### PROBLEM STATEMENT
Give all of the data again exactly as written, omitting every image.

### DATA BLOCK
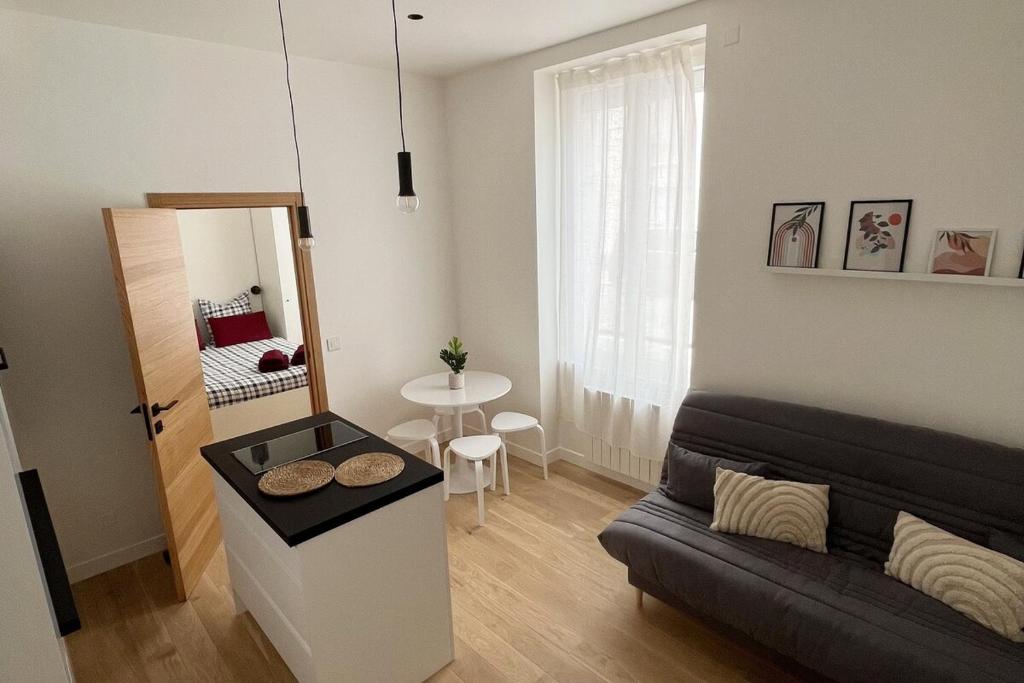 - un salon avec un canapé et une table dans l'établissement Appartement cosy à 1 min de Paris, à Charenton-le-Pont
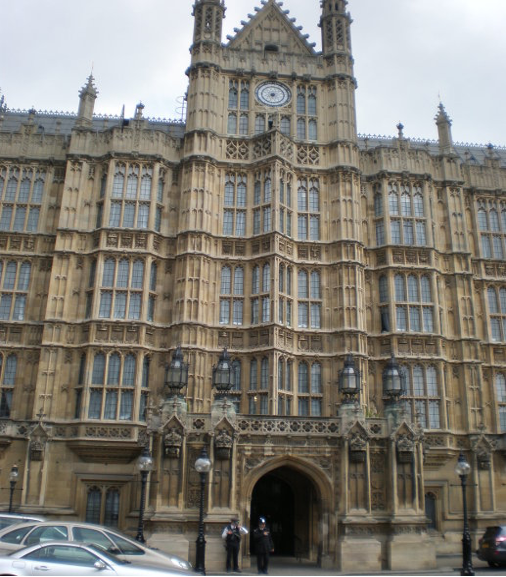 英国国会上院入口处.png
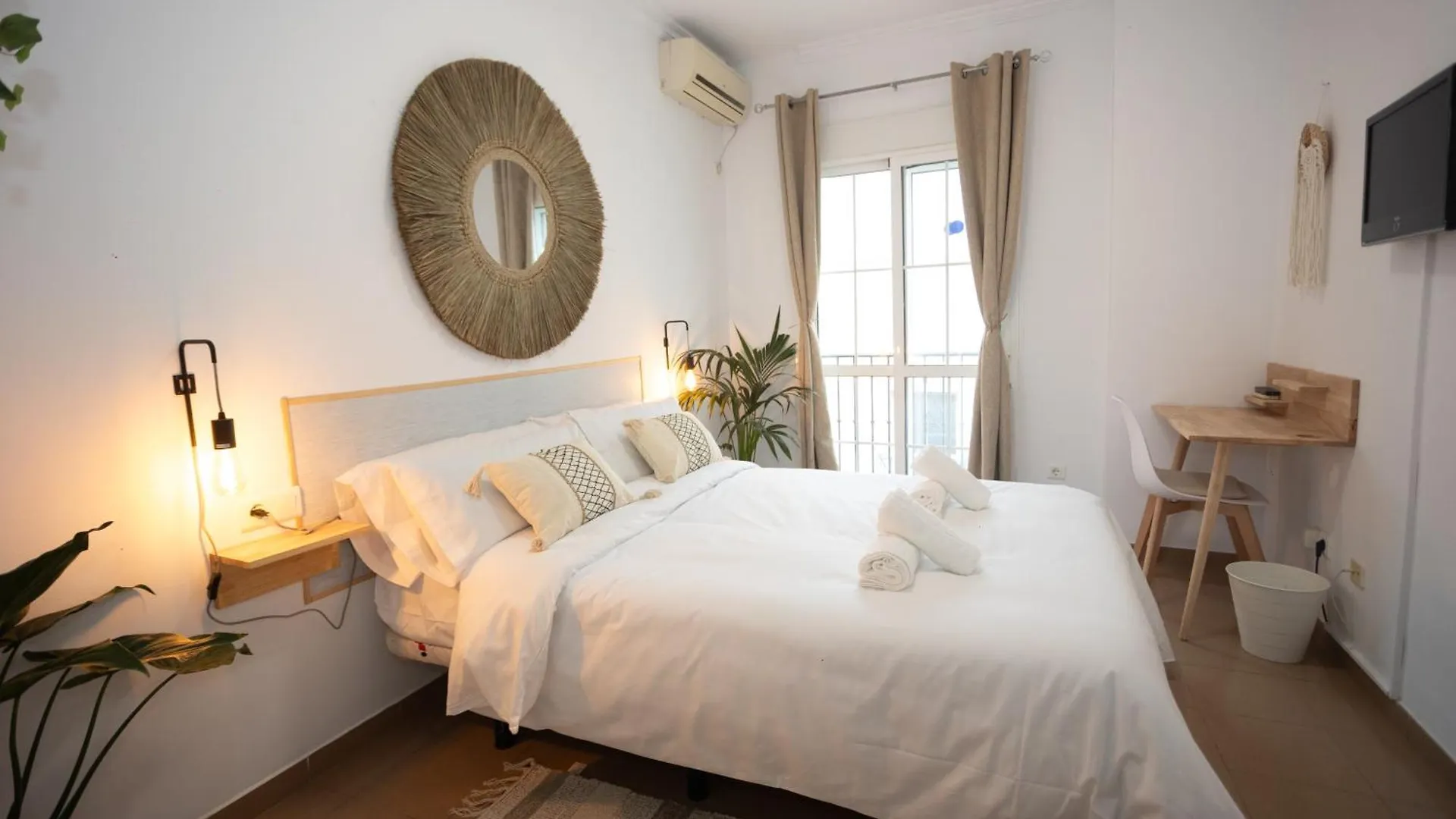 Naim Guest House Nerja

### WRITTEN RESPONSE
 - un salon avec un canapé et une table dans l'établissement Appartement cosy à 1 min de Paris, à Charenton-le-Pont
 英国国会上院入口处.png
 Naim Guest House Nerja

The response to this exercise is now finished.